11:29Dominique de Villepin, on vous entend ce matin parler de défense européenne. Vous avez entendu Jean-Luc Mélenchon, et il nous reste deux minutes,
11:35vous avez entendu Jean-Luc Mélenchon et ce discours qu'on entend aussi qui est de dire arrêtons d'être va-t'en-guerre, il ne faut pas mettre de l'argent
11:43dans la défense, il vaut mieux le mettre dans la transition écologique, misons sur la paix, peut-être même désarmons. Qu'est-ce que vous lui dites ?
11:52Il n'est plus là, mais comment vous réagissez quand vous entendez ce son de cloche qu'il incarne, mais que d'autres disent aussi ?
11:58Il y a un choix à faire. Tout ça bénéficie, y compris à la transition climatique. Dès lors que vous développez une industrie, par définition,
12:07il faut essayer qu'elle soit le plus décarbonée possible. Donc l'innovation qui se développe à l'appui d'un effort et militaire et économique et technologique
12:17doit servir un chemin qui doit être décidé collectivement. Et là, il y a des arbitrages à faire. Mais dans le monde qui est avancé par un certain nombre
12:25de ceux que vous évoquez, il y a cette idée que la France et l'Europe pourraient se tenir en quelque sorte entre les deux blocs. Le problème, c'est que les deux blocs,
12:34ils ont profondément changé de nature. Nous ne sommes plus dans le monde des années 50 et des années 70 où on pouvait parler de non-alignement.
12:41Nous sommes dans un monde où il y a un risque de collusion entre les États-Unis et la Russie. Et donc, nous ne pouvons plus aujourd'hui omettre d'exister comme puissance,
12:54puissance indépendante et puissance démocratique, puisque c'est sur ces deux aspects que nous sommes menacés.
13:01— Merci, Dominique de Villepin.
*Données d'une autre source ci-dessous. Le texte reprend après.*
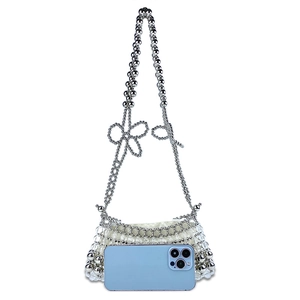 Vue détaillée de la taille d'un sac perlé fait main avec un smartphone bleu de référence
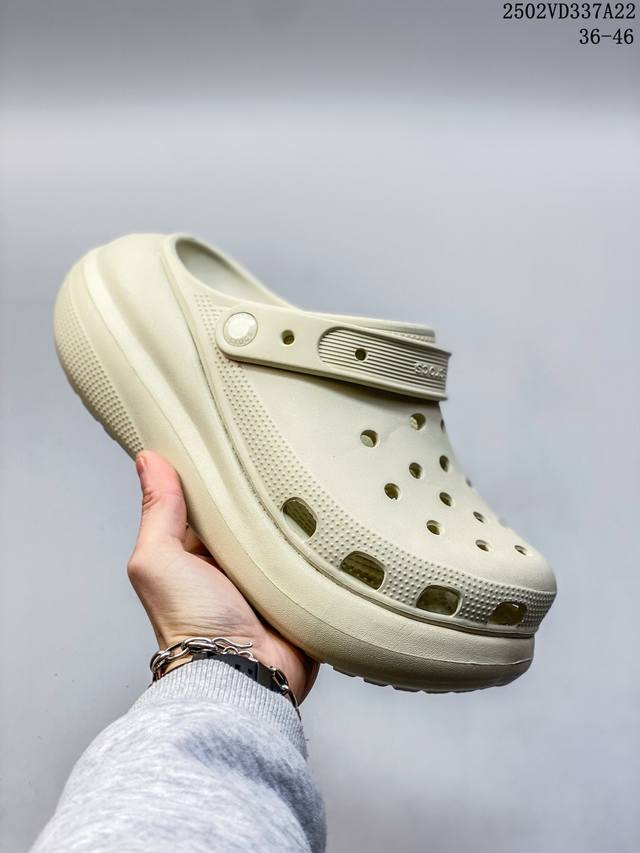 Crocs Classic Clog 卡骆驰休闲沙滩洞洞鞋拖鞋凉鞋泡芙鞋 透明防水袋包装 注意配件需单独购买 超轻Croslite专利材料打造 鞋面更加耐用易清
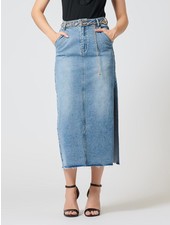 Chain Belt Raw-Edge Side-Slit Midi Denim Skirt
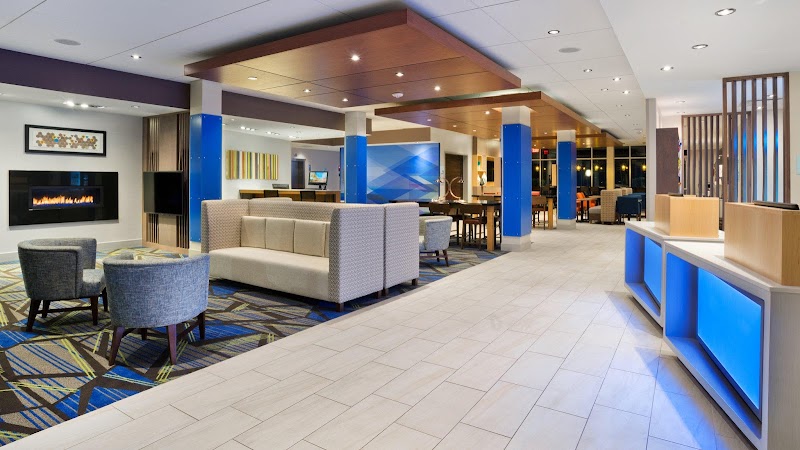 Holiday Inn Express & Suites Medina by IHG Cleveland amenities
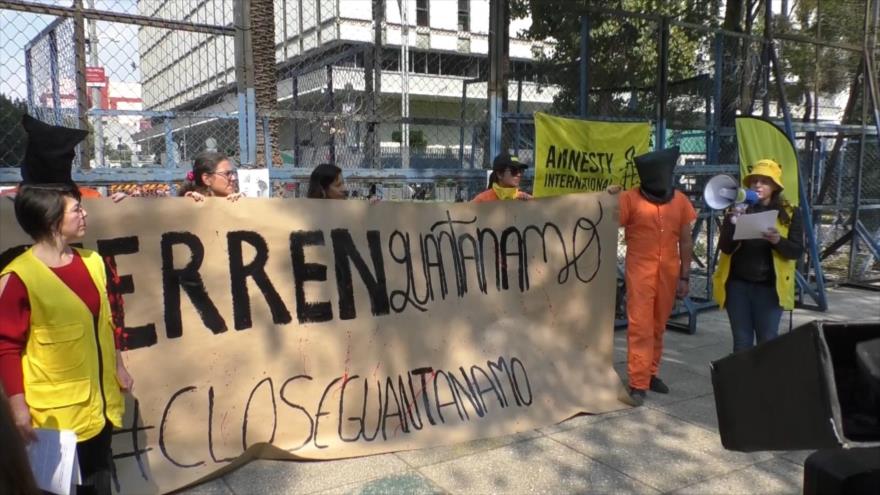Mexicanos cercan embajada de EEUU pidiendo el cierre de Guantánamo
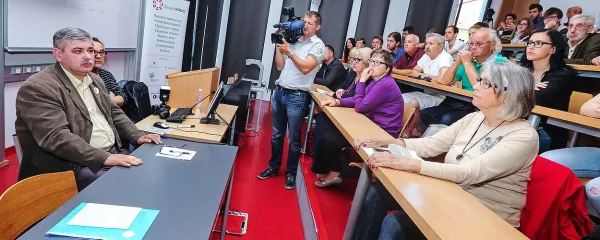Amor Mašović je v Kopru predstavil prizadevanja za izkop in identifikacijo žrtev vojne v Bosni in Hercegovini  
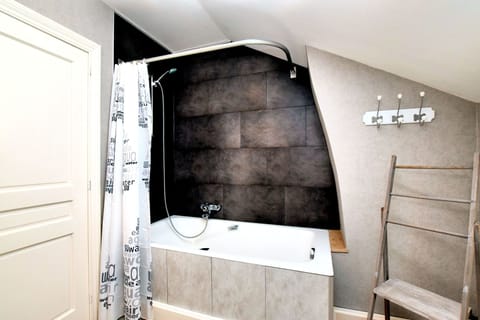 Combined shower/tub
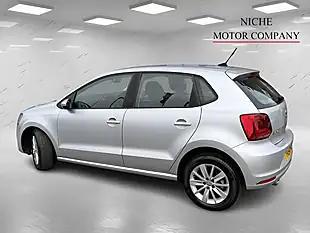 Used 2014 Volkswagen Polo Bluemotion Tech Se Silver - Interior and Exterior details 9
Vous avez vu la couv' de Marianne ? — Non.
13:06— Vous êtes en couv' de Marianne avec cette question, avec cette affirmation, d'ailleurs. C'est même pas en forme de question.
13:11— On route pour l'Elysée. — Diable. Diable. C'est tout un programme. — Oui. Ça... Vous l'avez, le programme, ou pas ?
13:18— Vous l'avez, le programme ou pas encore ? — Vous m'invitez ce matin pour parler d'un sujet majeur. Il y a une angoisse chez les Français.
13:26Il y a donc un combat à mener. L'élection présidentielle, c'est dans 2 ans. Ne précipitons pas les échéances.
13:31Je ne fais pas partie de ceux qui pensent que le président de la République doit partir avant l'heure.
13:36— Merci beaucoup, Dominique de Villepin. Merci infiniment d'avoir été là ce matin.